** Work request **
Repeat every record exactly, but keep images out of the copy.

Records from a data collection:

--

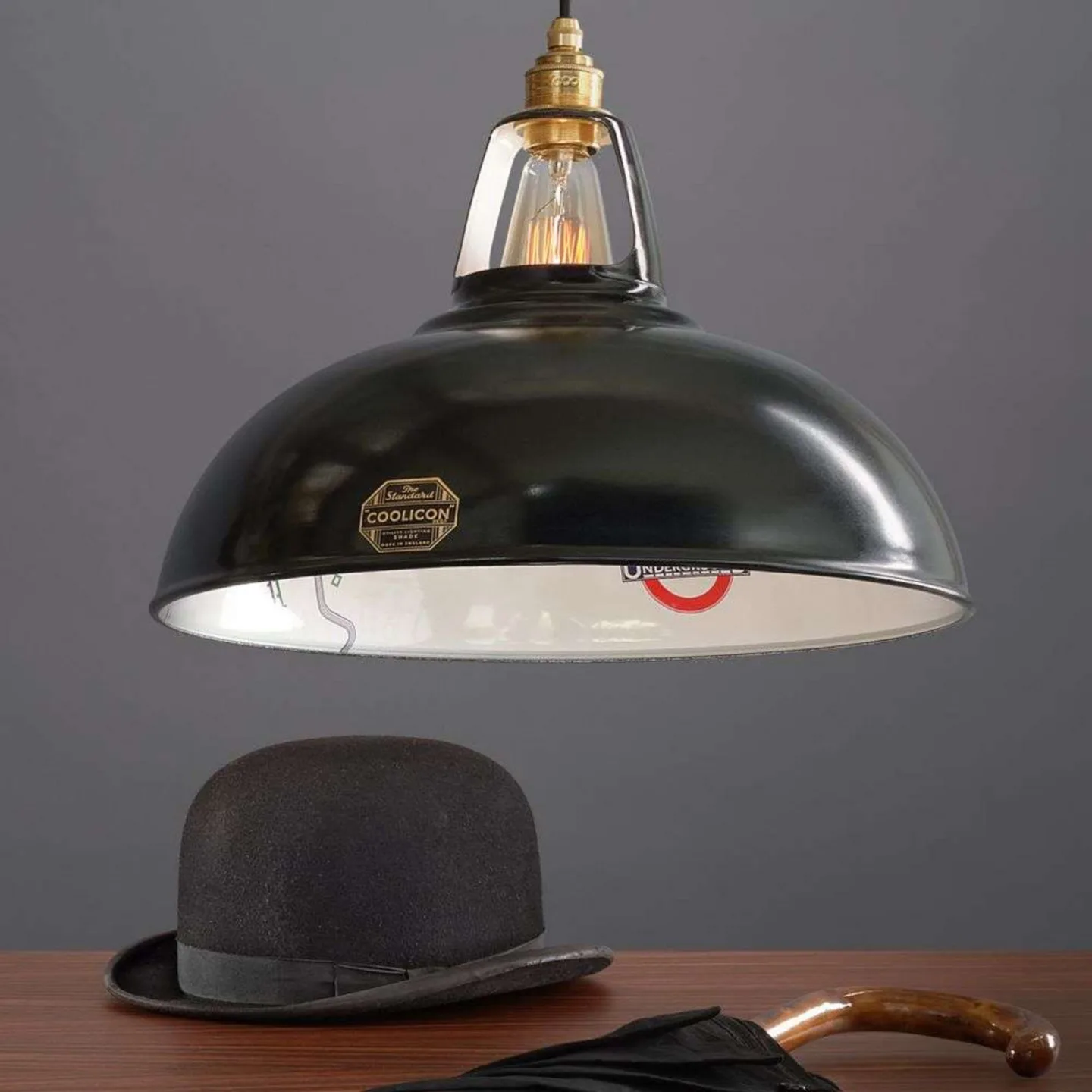 Stor pendellampe i design fra 1933, Ø 40 cm, sort - Coolicon - Stue - Metal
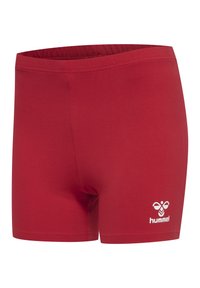 Rote Baumwoll-Sportshorts mit einem breiten elastischen Bund und einem weißen Logo-Detail in der unteren rechten Ecke. Glatte Textur, enganliegendes Design.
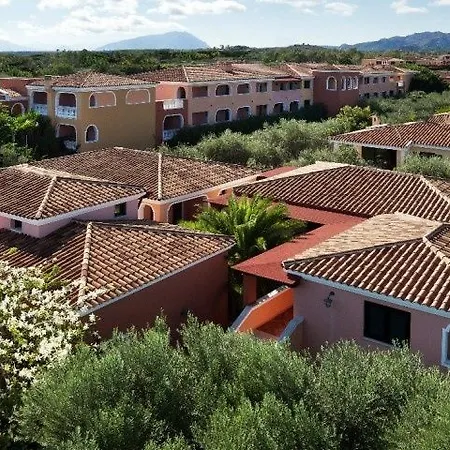 I Giardini Di Cala Ginepro 4*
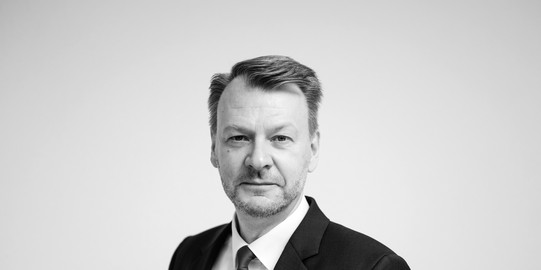 Porträtfoto von Prof. Dr.-Ing. Mike Gralla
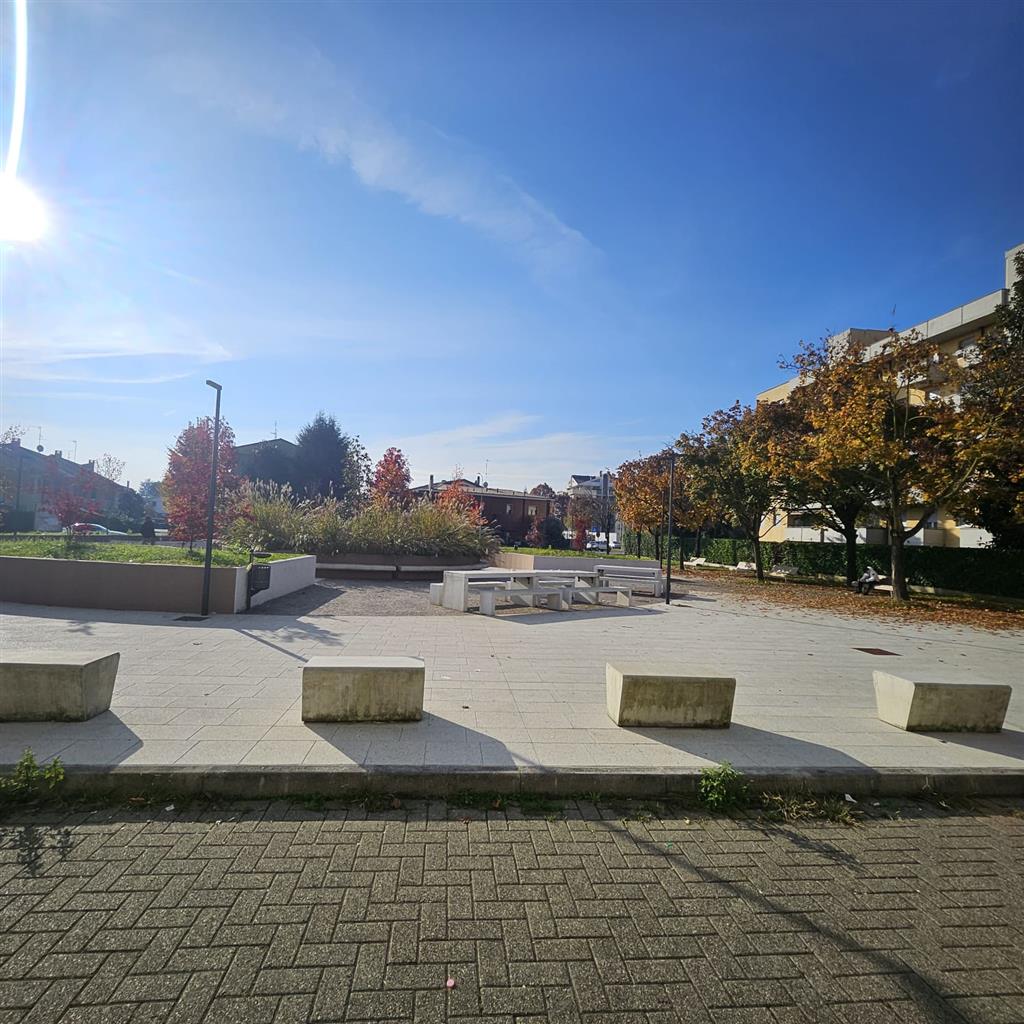 Negozio in vendita in piazza cooperazione 7, Muggi�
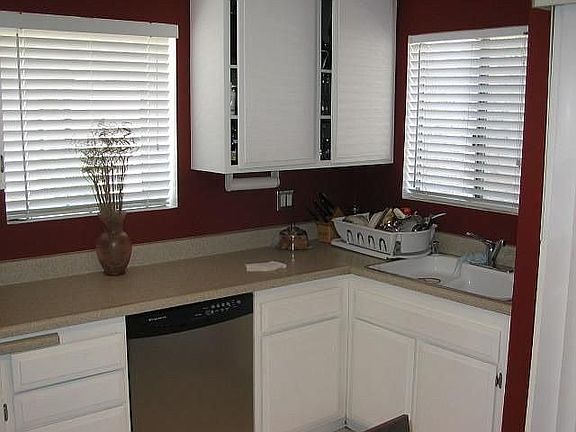 Clean Kitchen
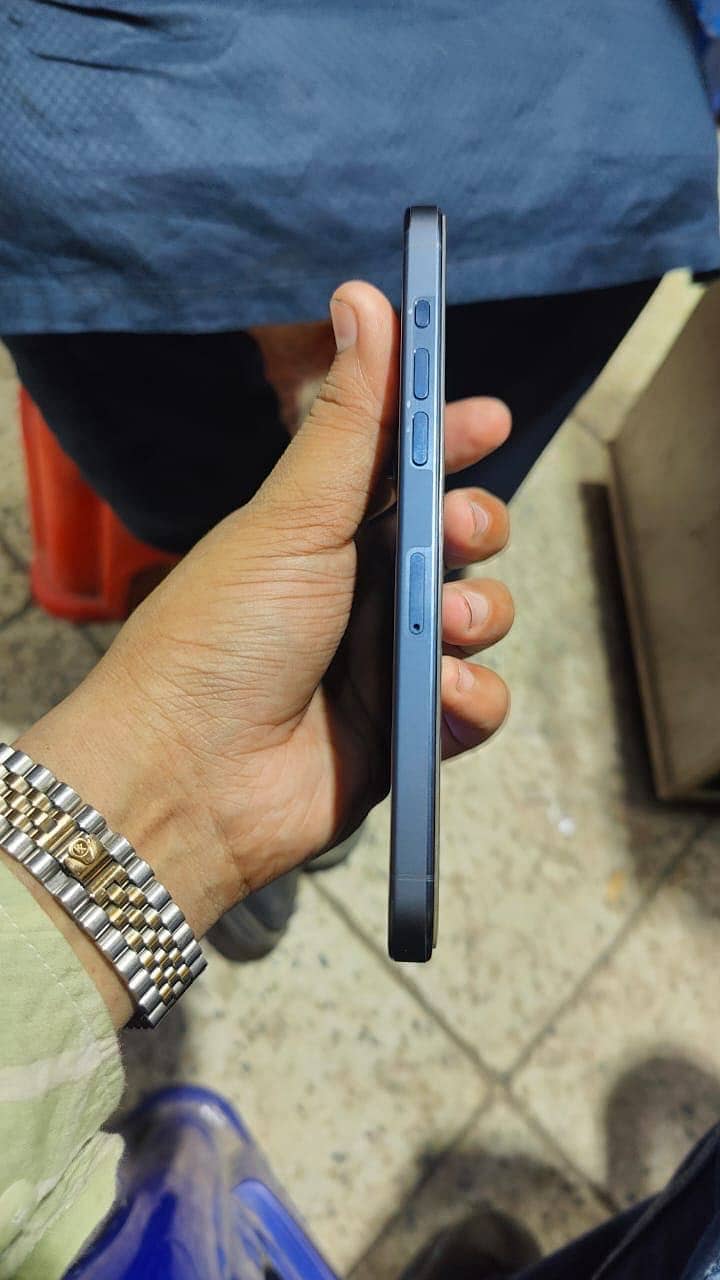 Apple iPhone 15 Pro Max 0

--

** Task answer **
 Stor pendellampe i design fra 1933, Ø 40 cm, sort - Coolicon - Stue - Metal
 Rote Baumwoll-Sportshorts mit einem breiten elastischen Bund und einem weißen Logo-Detail in der unteren rechten Ecke. Glatte Textur, enganliegendes Design.
 I Giardini Di Cala Ginepro 4*
 Porträtfoto von Prof. Dr.-Ing. Mike Gralla
 Negozio in vendita in piazza cooperazione 7, Muggi�
 Clean Kitchen
 Apple iPhone 15 Pro Max 0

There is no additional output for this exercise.